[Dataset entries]
* * *

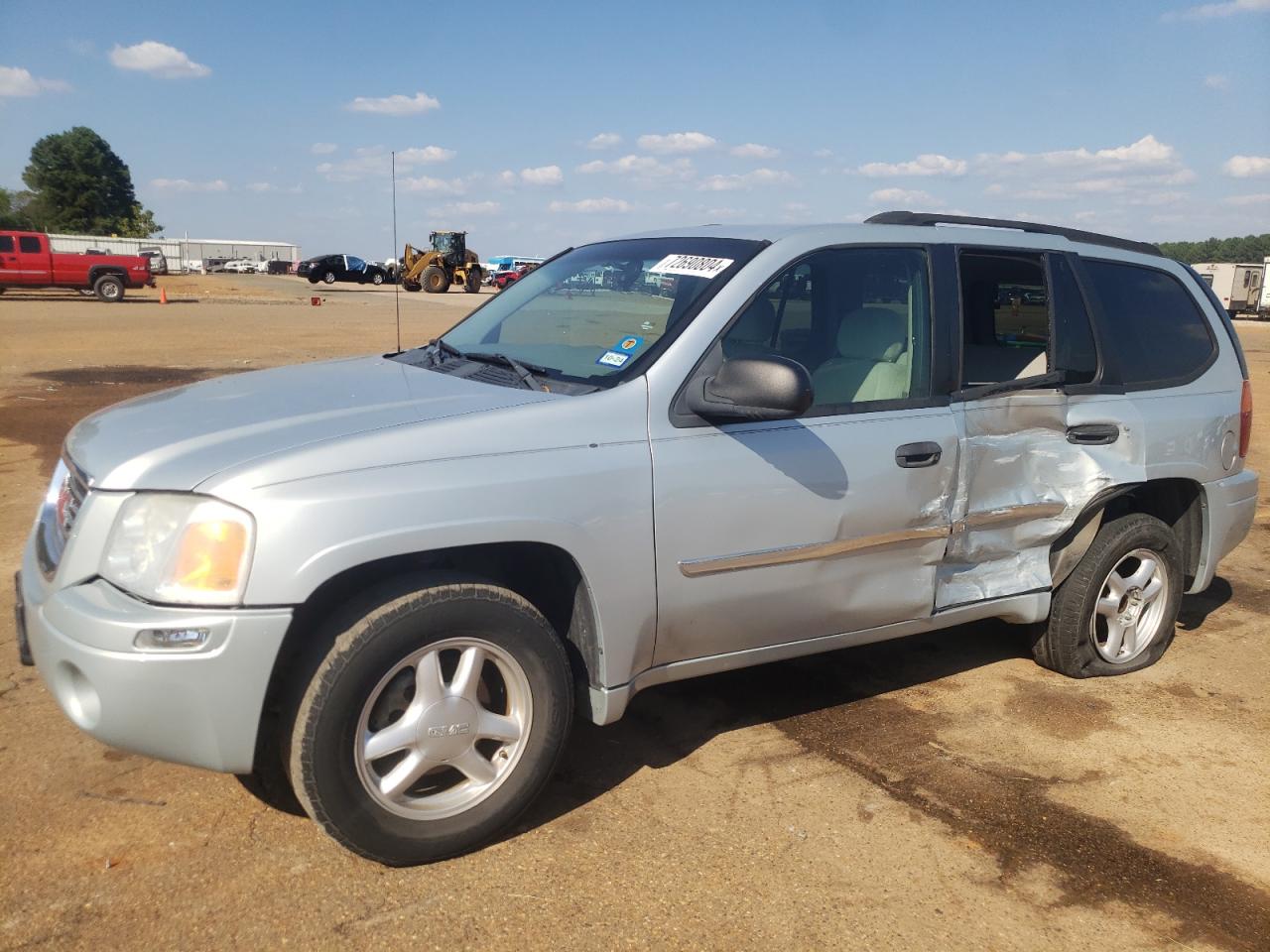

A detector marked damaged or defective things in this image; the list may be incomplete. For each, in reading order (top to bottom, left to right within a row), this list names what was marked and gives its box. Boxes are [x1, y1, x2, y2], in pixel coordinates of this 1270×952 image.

damaged rear door [940, 251, 1148, 611]
crumpled body panel [935, 393, 1153, 611]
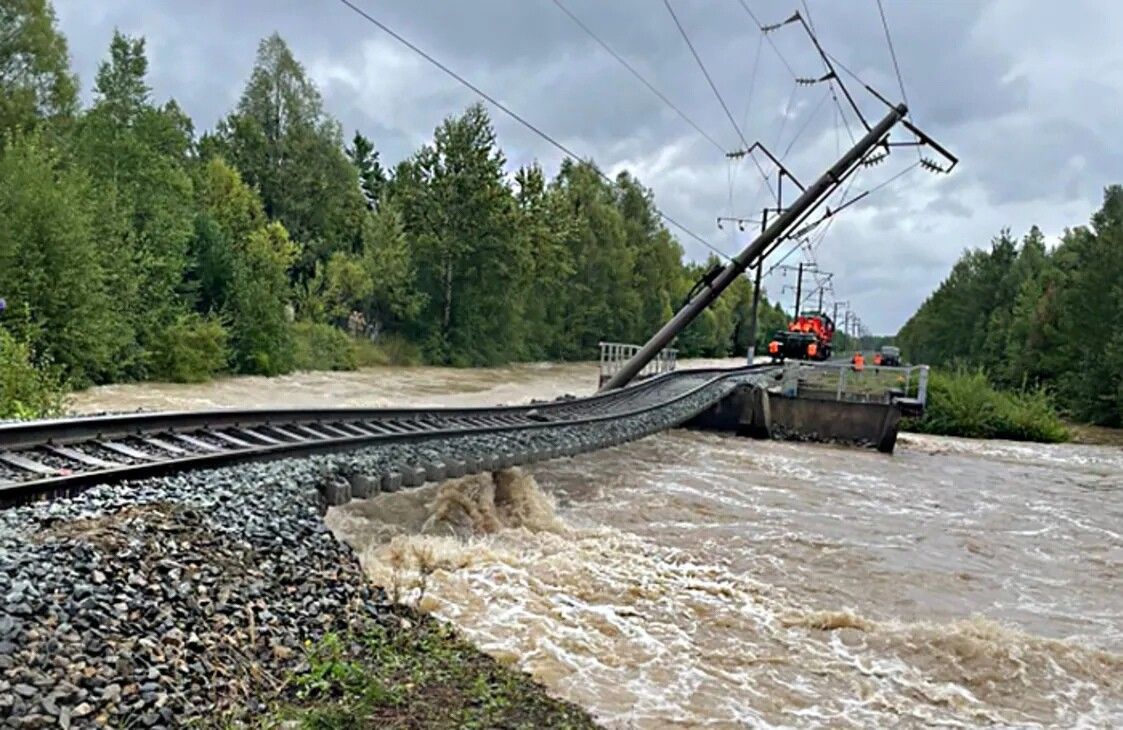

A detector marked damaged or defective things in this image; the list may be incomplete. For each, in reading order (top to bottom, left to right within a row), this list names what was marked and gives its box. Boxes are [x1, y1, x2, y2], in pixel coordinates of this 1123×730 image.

bent railway track [0, 363, 777, 505]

* * *

Your instructions:
Leave the pictures out and return each entry exactly.

Result:
A detector marked damaged or defective things in this image; the list may be incomplete. For each, in reading order (top to bottom, left to right within a row), this list names what was marked and gives its box. Boxes are [x1, y1, x2, y2], in pixel coordinates of this 1270×952 image.

damaged rear door [940, 251, 1148, 611]
crumpled body panel [935, 393, 1153, 611]

A detector marked damaged or defective things in this image; the list may be incomplete. For each, in reading order (top to bottom, left to right within a row), this list names what was marked and gives its box. Boxes are [x1, y1, x2, y2], in pixel coordinates of this 1123×730 image.

bent railway track [0, 363, 777, 505]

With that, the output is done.